> [Task statement]:
Please write out exactly, without any picture, each line from the first in the listing through the line that includes "And even, surprisingly, even".

> [Dataset excerpt]:
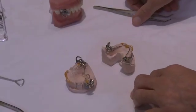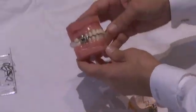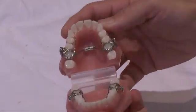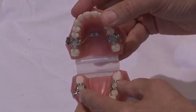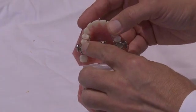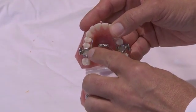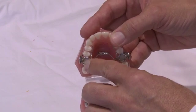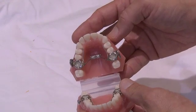Let's talk about the different parts of the MARA appliance. I'll start by showing you this typodont. If we open the typodont, this MARA design uses a stainless steel crown on the sixes, but what we call an egg shell crown, which means it's a crown that has been adjusted so that the occlusal component is removed. This makes it much easier to seat and doesn't have as much change on the vertical dimension.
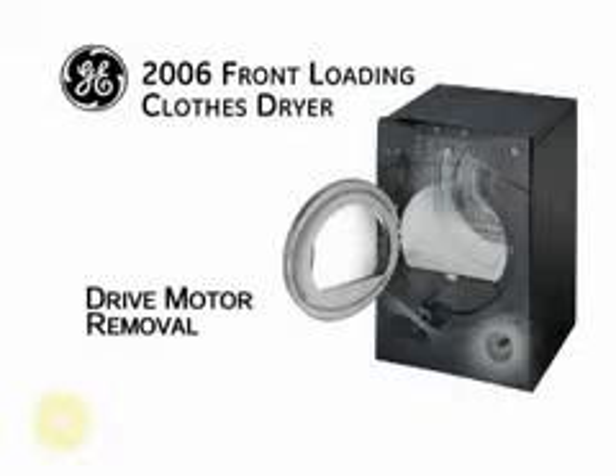To remove the drive motor, the dryer top, front, and clothes drum must be removed first.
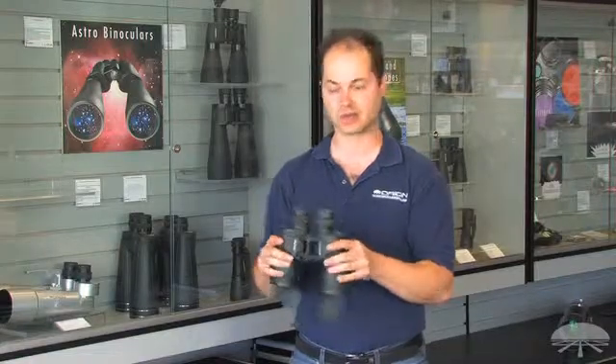And even, surprisingly, even with a 7 power, you can see the moons around Jupiter with a binocular like this. And if you point it at our moon, you're going to see some of the brighter craters and mountain ranges.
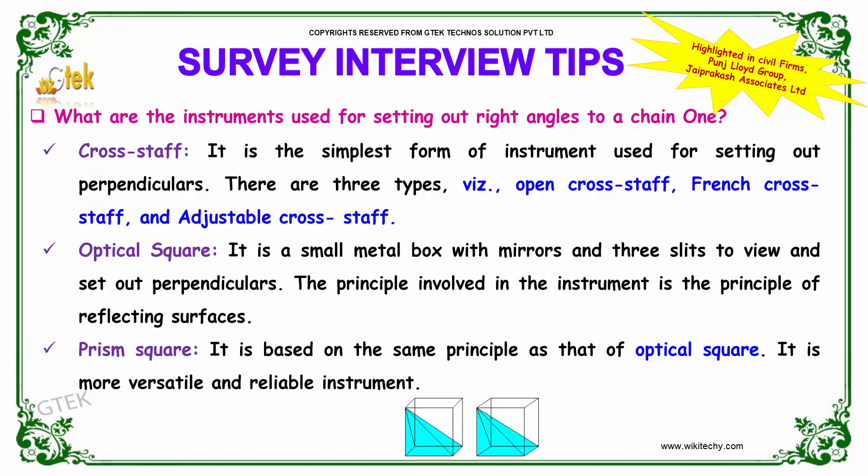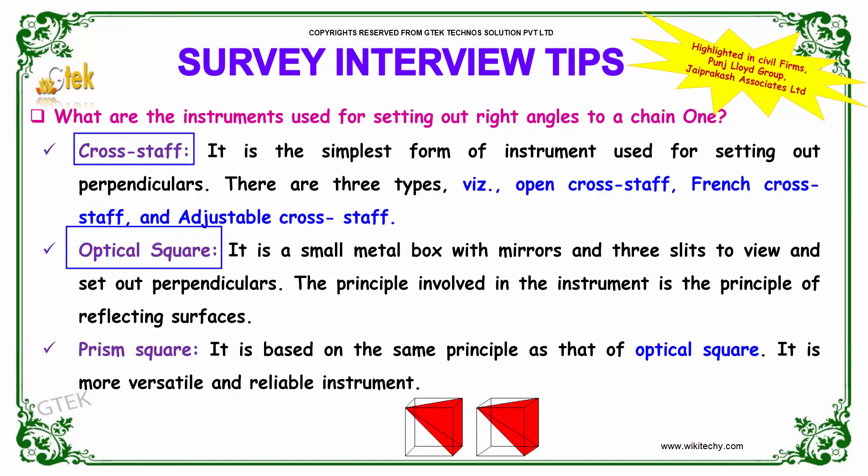What are the instruments used for setting out right angles to a chain line? The instruments used for setting out right angles to a chain line are the cross staff, optical square, and prism square.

> [Output of the task]:
Let's talk about the different parts of the MARA appliance. I'll start by showing you this typodont. If we open the typodont, this MARA design uses a stainless steel crown on the sixes, but what we call an egg shell crown, which means it's a crown that has been adjusted so that the occlusal component is removed. This makes it much easier to seat and doesn't have as much change on the vertical dimension.
To remove the drive motor, the dryer top, front, and clothes drum must be removed first.
And even, surprisingly, even with a 7 power, you can see the moons around Jupiter with a binocular like this. And if you point it at our moon, you're going to see some of the brighter craters and mountain ranges.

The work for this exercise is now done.